Before this tutorial, please make sure there are no security issues with trusted nodes.
https://wiki.netxms.org/wiki/SG:Security_Issues

Fast solution:
Set "CheckTrustedNodes" to 0 in Server Configuration, and restart the server



First we check if the website answers to ping.
This is because when we add the website as a node into NetXMS, NetXMS uses ping to check basic node availability during status polls.

Website-monitoring-tutorial-1.PNG

In our case, netxms.org does not respond to ping.
We need to remember that for later.



Next we create a node for our website.
We make sure to disable usage of not-supported sources for polling (including ping, since netxms.org doesnt respond to ping).

Website-monitoring-tutorial-2.PNG



We should see our node properly created with "Unknown" status.

Special note: in NetXMS 2.0.4 and older, there was a bug that would create a node down alarm.
Please terminate this alarm on this node before proceeding further in the tutorial if running a version older than 2.0.5 (or 2.1).

Website-monitoring-tutorial-3.PNG

This is because we disabled all polling sources, so NetXMS doesnt have any way to check if a node is up or down.
We will fix this later on in the tutorial.

Please note that if the node responded to ping (and therefor we would NOT disable usage of ICMP for status polling), the node's status would be Normal.



I have created a template to put all my website monitoring into.
This will be useful if I want to monitor many websites, since I dont have to manually create monitoring DCIs for every one.

Website-monitoring-tutorial-4.png

We then go into the Data collection configuration of this template.



We create a new DCI. Make sure Origin is set to NetXMS Agent, press Select, and find ServiceResponseTime.Custom(*).

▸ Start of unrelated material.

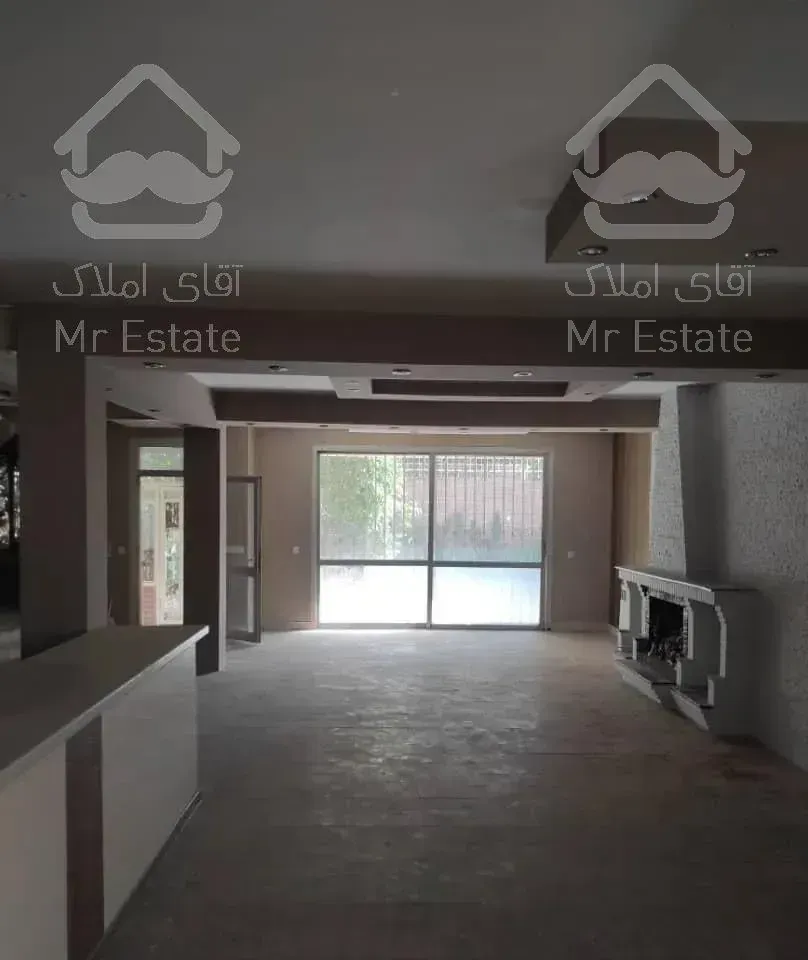 ویلایی 320 متر دوبلکس شهرک چشمه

Website-monitoring-tutorial-5.PNG



Next we will set the template DCI to resolve the node's primary IP for each node that is assigned to this template.
Documentation for template macros here: https://wiki.netxms.org/wiki/UM:Data_Collection#Macros_in_template_items

Website-monitoring-tutorial-6.PNG

We also set the Source node to our NetXMS server.
This will mean that even tho this DCI is configured on the website's node, the NetXMS server should be used to collect the data for this DCI.
Final effect will be that the DCI itself will show up on our website's node, but the data will be polled by the NetXMS server, which is what we want in this case.

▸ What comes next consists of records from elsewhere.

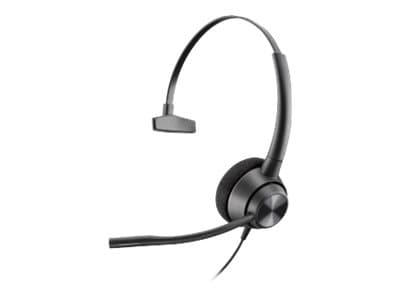 Poly EncorePro 310, QD - 300 Series - hodesett - on-ear - kablet - Quick Disconnect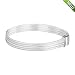 Produktbild PANDOCCI 2019 frühling reflexionen Multi Schlangenkette Armband 925 Silber DIY Passt für Ursprüngliche Pandora Armbänder Charme Modeschmuck (18CM)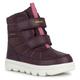 Winterstiefel GEOX "J WILLABOOM GIRL B ABX" Gr. 32, lila (pflaume) Kinder Schuhe Stiefel Boots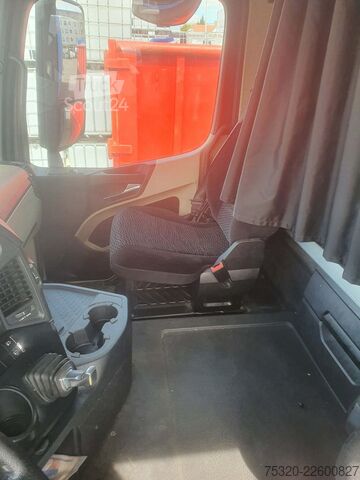 Camion caisson MERCEDES-BENZ 1836  L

We can now apply our template to our website's node.

Website-monitoring-tutorial-7.png



We should now see our website's node applied to the template, and in the node's Last values, we should see the response time of the website.
I have also added a ping DCI, to see that the website does indeed not respond to ping.

Website-monitoring-tutorial-8.PNG

We now just need to fix status calculation for the node.

If the node does respond to ping (as mentioned previously), we are finished.



Please note that as mentioned previously, if the nodes does respond to ping (and therefore node status calculation from its Status poll based on ICMP works fine), the following steps are NOT required.

We will create another DCI, this one will be used to check just if the website is up or down.

Website-monitoring-tutorial-9.PNG

Now we need to configure it to return NetXMS status codes for this node. We can do this using a transformation script.
Status codes documented here: https://wiki.netxms.org/wiki/NXSL:NetObj (see Possible values for "status" attribute section)

Website-monitoring-tutorial-10.PNG

Now we just tell NetXMS to use this DCI for status calculation.

Website-monitoring-tutorial-11.PNG



After the next status poll (br default every 1 minute), node should have Normal status.
Node should also be correctly taken to Critical status when TCP 80 doesnt respond.

Website-monitoring-tutorial-12.PNG